I'm a human being with a vascular system and adrenal glands and a brain and stuff, so naturally, I like fight scenes. 

Show me any martial arts rumble and I'll be set—Jackie Chan, Bruce Lee, gimme it—however, any epic battle that incorporates the key ingredients that make these types of scenes fun and necessary to watch is alright by me. 


But what are those key ingredients? What elements are at play beneath all the punches, kicks, and sword swipes?

Henry Boseley of The Closer Look digs deep into what makes a fight scene great in his video essay below, so give it a watch and continue on for more.

Okay, so what do great fight scenes consist of? Clearly, they're creative, they build tension, they have good pacing, they might even add cool technical tricks that show us something that we've never seen before. (Hello... the bullet-time sequences in The Matrix.)

But at the end of the day, these are the most essential pieces that need to be baked into every one of these action sequences for them to rise to the level of greatness they're (hopefully) trying to achieve.

Your Fight Should Serve the Story

Boseley mentions this element at the very end of his video essay, but I think it's the cornerstone of a great fight scene... so it must be analyzed first.

What purpose does a fight scene serve? What is it trying to achieve? More simply, why does it exist in the first place?

The answer should be "to serve the story."

I know, there are some pretty awesome fight scenes that are thrown into an action flick for sheer spectacle—and that's fine—but it's not great.

Great fight scenes push the story forward in the same way other types of great scenes do. They open with an established status quo and end with that status quo being disrupted. They add a new piece of information or answer an important question in the plot or character arc of a key character.

So, it might seem like a good idea to add a fight scene in your film because you want to excite your audience, but guess what—most audiences actually don't want action for action's sake, they want action that takes them deeper into the story, that immerses them in the drama, and gets them more engaged with the characters' journey.

The fight scene between Obi-Wan Kenobi and Darth Vader in Star Wars: A New Hope is a great example of this. As Boseley points out, there's little else going on in this scene—no complicated choreography or power exchanges—other than the very important plot point of Obi-Wan, Luke Skywalker's mentor, dying. Could this fight use a little more variety and a dynamic power struggle, yes, of course, but it has the most important element, which makes it timeless and epic.

Star_wars_4'Star Wars: Episode IV – A New Hope'

Variety, Variety, Variety

Okay, let's talk about that fight in A New Hope for a second.

Star Wars is great. The fight scenes, at least early on, are not. 

For those of you that are still here despite that bit of heresy, here's why.

There's very little going on physically in those early lightsaber battles; as Boseley describes it, it's just two people smacking swords together. It's a blow-by-blow fight that gets repetitive and tedious after a while.

Give your audience something new to see—a kick instead of a punch, a pistol-whip instead of a gunshot, a ladder to the heels instead of a chop to the neck.
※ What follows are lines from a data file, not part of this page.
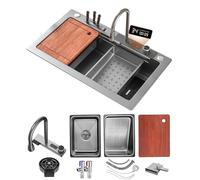 ZQFHSX Ensemble évier de Cuisine en Acier Inoxydable à Effet Cascade avec Robinet extractible, cuve Unique à Montage sur Le Dessus avec revêtement Nano, Accessoires de Poste de Travail, l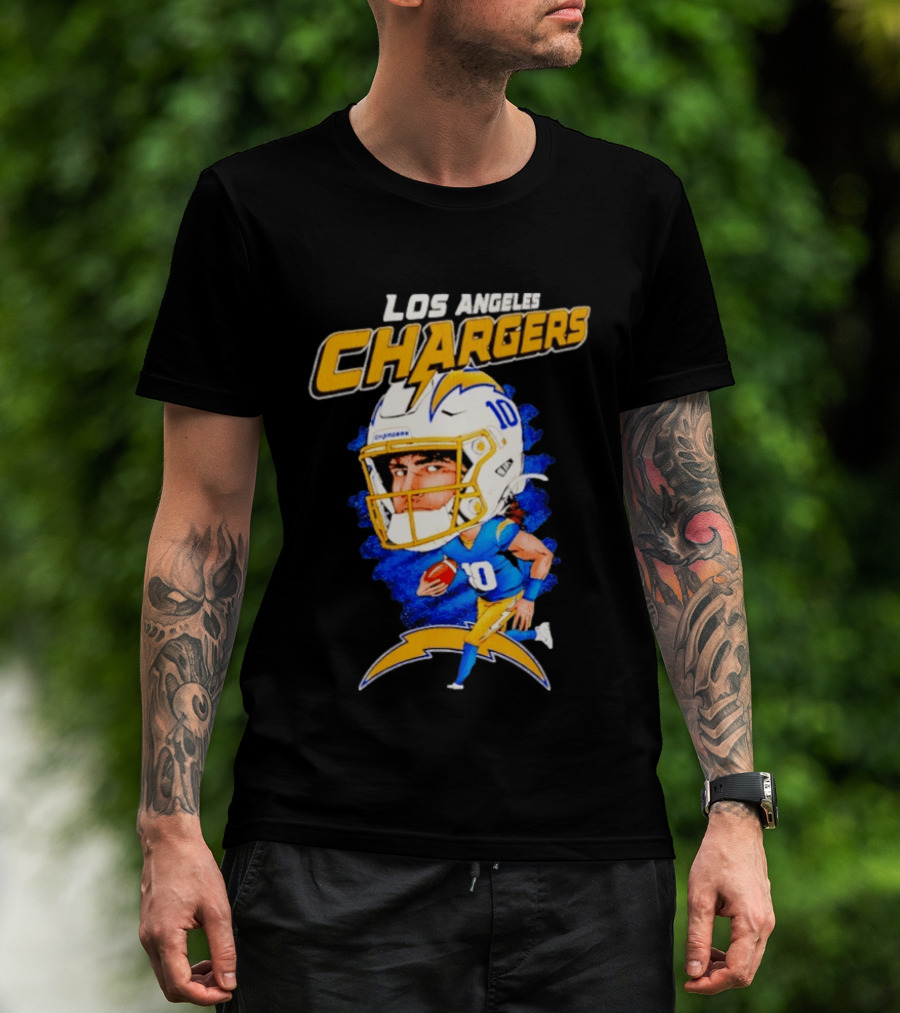 Los Angeles Chargers Justin Herbert Caricature Football Star 10 T-Shirt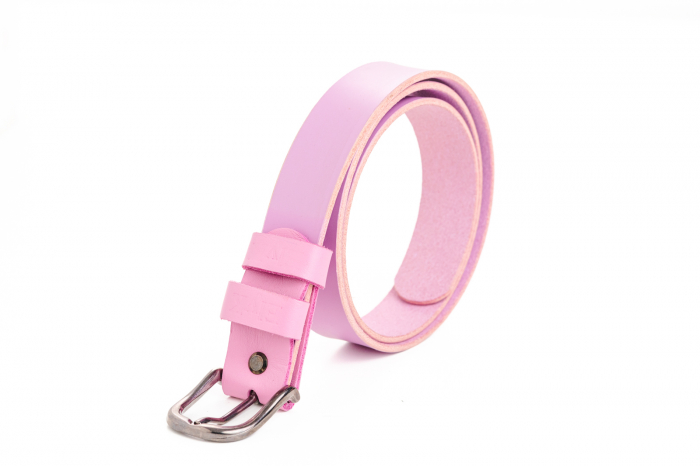 Curea din piele naturala roz 30 mm, lucrata manual, Styx, Handmade [3]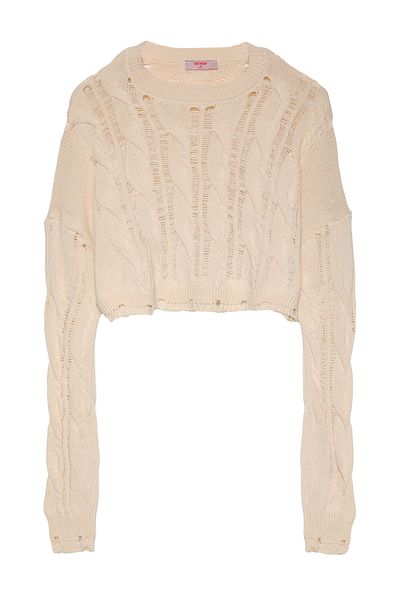 Quzu Crop Knitwear with Ripped Detail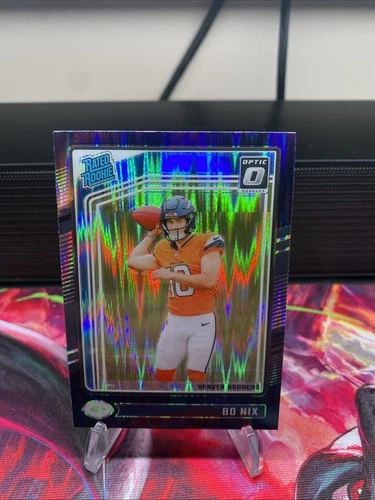 2024 Panini Donruss Optic - Rated Rookie Bo Nix #209 Purple Shock Prizm (RC)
Our brains are great at noticing patterns and using that information to plan and predict future events; that's why sometimes when you're driving, you end up at your destination without remembering the last several minutes of your journey.

This happens with action scenes, too. If you create a fight pattern—headshot, headshot, duck; headshot, headshot, duck, headshot, headshot, duck—that last the full length of the fight, your audience's brains are going to go on autopilot and will have already predicted the rest of the scene before your hero victoriously steps over the dozens of baddies they just leveled.

Don't let your audience get ahead of your fight scene. Add some variety.

Commando_0'Commando'

The Struggle for Power

Another essential element in a great fight scene is the struggle for power.

How interesting is it to watch the hero mow down his enemies with an endless barrage of bullets without suffering a single blow? It's not interesting. It's boring. It's not easy to be invested in a fight between two obviously unfairly matched opponents, because it gets dull watching the protagonist continually winning. That's why we like difficult matchups and close games in sports, gang!

That's why the best fight scenes are ones in which you're not quite sure if the hero is going to come out of it victorious. Will Frodo, Sam, and the gang overcome Sauron and his disgusting orc army? Peter Jackson regularly makes us question if they will. How?

Filmmakers do this by playing with the power positions of the opposing sides, continuously switching who has the upper hand to create the all-important sense of tension that makes movies worth watching.

Remember, you're making a movie. Drama is its lifeblood. Make your hero struggle to win.

Lord_of_the_rings_1'The Lord of the Rings: The Return of the King'

So, if you're getting ready to write some fight scenes into your screenplay, keep these 3 things in mind. You'll not only give your audience something cool and exciting to watch but also something that brings them deeper into the world you've created for them.